I believe this more than ever and I’m on a quest to tie the idea of polarities to the idea of the social discipline and truth-preserving mechanism of testing.
Thank you for sharing your fascinating thoughts on testing. I’d like to offer you critique of your thoughts here. Not to tell you you are wrong, but to inspire you to think about whether the premises of your thinking are correct. I cannot judge your thinking, as logically you are correct, but I can offer you a different perspective.
And I do see a problem in the way you work.
You correctly identify testing as a social activity.
But by starting out with theories of time, space, and matter, your thinking is limited, and accidentially, you reduce the social in the activity to a question of cause and effect with random input. This quote is particularly revealing:
Let me ask you the following two questions:
Are the human components not in fact the only anti-fragile component in projects?
Do continuities not only happen because of the human components?
Again: Thank you for sharing your fascinating thoughts and allowing us to comment. Happy thinking!
Best,
Anders
I appreciate and desire critique!
Regarding that quote, note that I put the word “problem” itself in quotes. What I didn’t do is properly indicate that this was sometimes how people looked at things: “people are the problem.”
But it is also true to say that when you add in the free will of human agents, projects (of course, right?) become more complicated. That’s why, ultimately, our projects are not just reductionist exercises wherein you can look at the sum of the parts and work the project as you would, say, solve an equation.
So — in short — you raise an excellent point. I presented my thinking there in a shallow way. And I have to ask myself if that’s because my thinking is shallow in that context. I will investigate this. Let’s take a stab at your questions.
Are the human components not in fact the only anti-fragile component in projects?
I’m still parsing Nassim Taleb’s book Antifragile so my thoughts are very in flux, thus I hesitate to pontificate too much. What I can say I believe is that many things can be anti-fragile. But do they come down to humans ultimately? Let’s consider “faith” as an example.
I would argue that anyone’s faith that can be crushed by some questioning — even hard questioning — is not much of a faith.

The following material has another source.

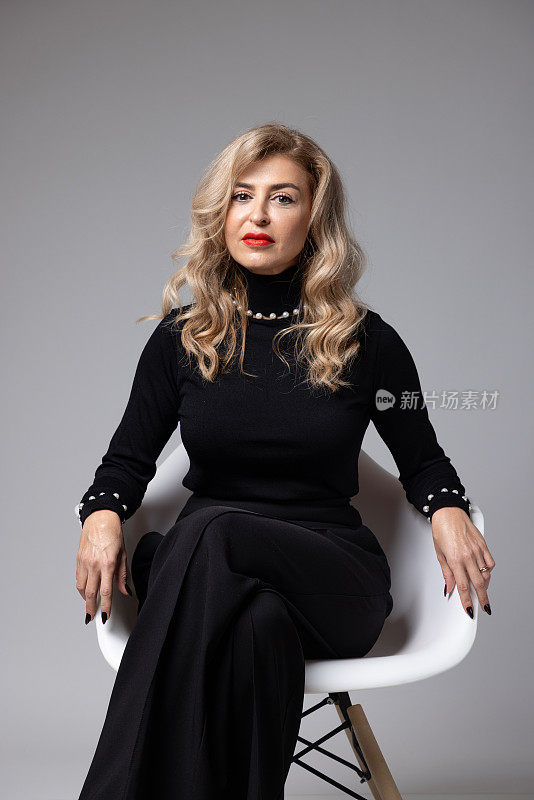 穿着黑色连体衣的时尚女子坐在白色的椅子上，摆出微妙而自信的姿势。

But notice it’s not the “faith that is antifragile.” It’s the network of associations, arguments, and concepts that operate in human minds that can lend a notion of antifragility to the concept of that person’s individual faith.
But humans can build systems that are antifragile outside of their thoughts about those systems. I can work with people to build software infrastructures that are potentially antifragile.

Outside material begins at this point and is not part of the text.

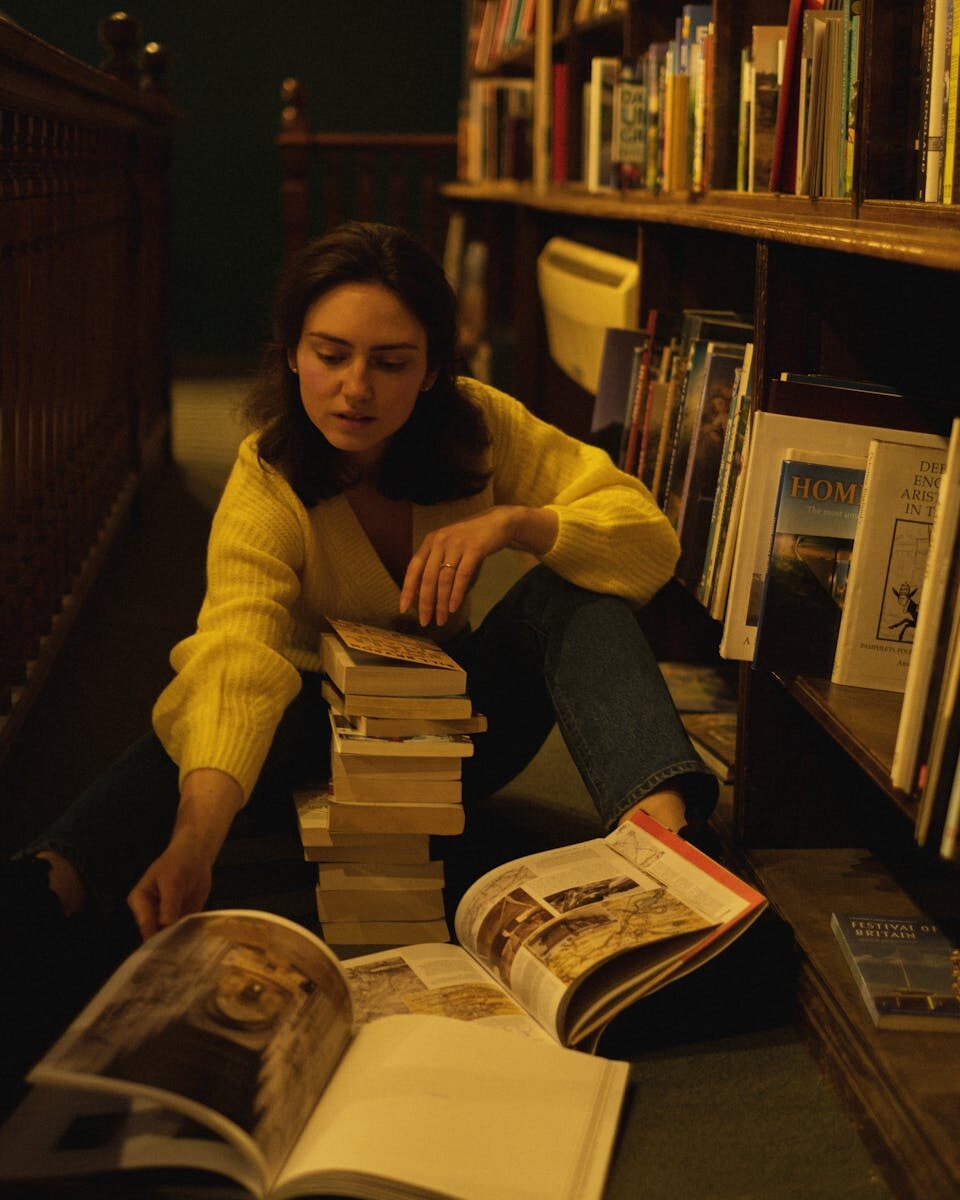 A young woman sits on the floor of a library surrounded by stacks of books, deeply engrossed in reading.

I’m not sure if I’m responding to your question well but I appreciate that it’s giving me something to think about further.

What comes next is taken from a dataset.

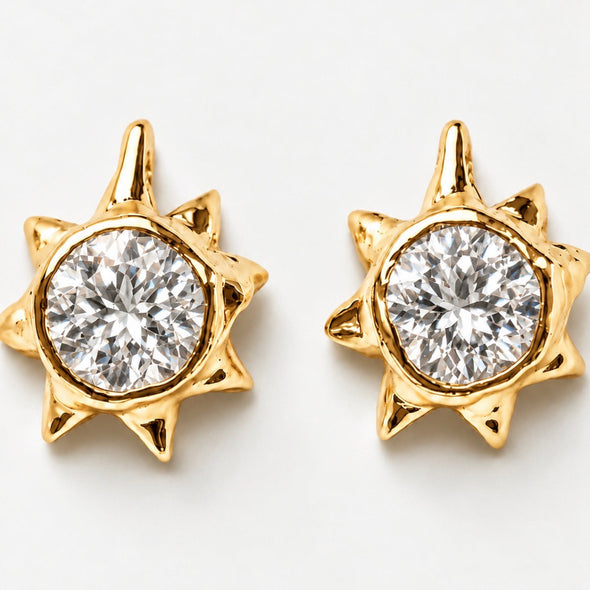 A pair of gold starburst stud earrings with a large round clear gemstone in the center, set against a plain white background.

Do continuities not only happen because of the human components?
Excellent question. So in an article I just published today (this one), the continuities that we have in the past are the structures that have survived. Those were created with some processes and, in the context of our projects, yes — that would be because of humans. Unless software starts writing itself. In other disciplines — like geology, for example — this is not the case. Operative processes in nature — without human intervention — could have left structures.
Consider our source code. That’s a continuity. But it got there by humans. Consider the “agile approach” we used as a team to create some software. That approach — the way we incremented and iterated — left structures, including memories. But, again, without humans in the mix, what would we have ended up with?
So — responding to those human aspects — there is nothing (in my mind) wrong with the notion of humans being “problematic” in that this doesn’t have to be a bad thing or a good thing. It simply is. Humans are complicated. Things we deal with become complicated because we apply our own values, thoughts, desires, biases and so on to those things.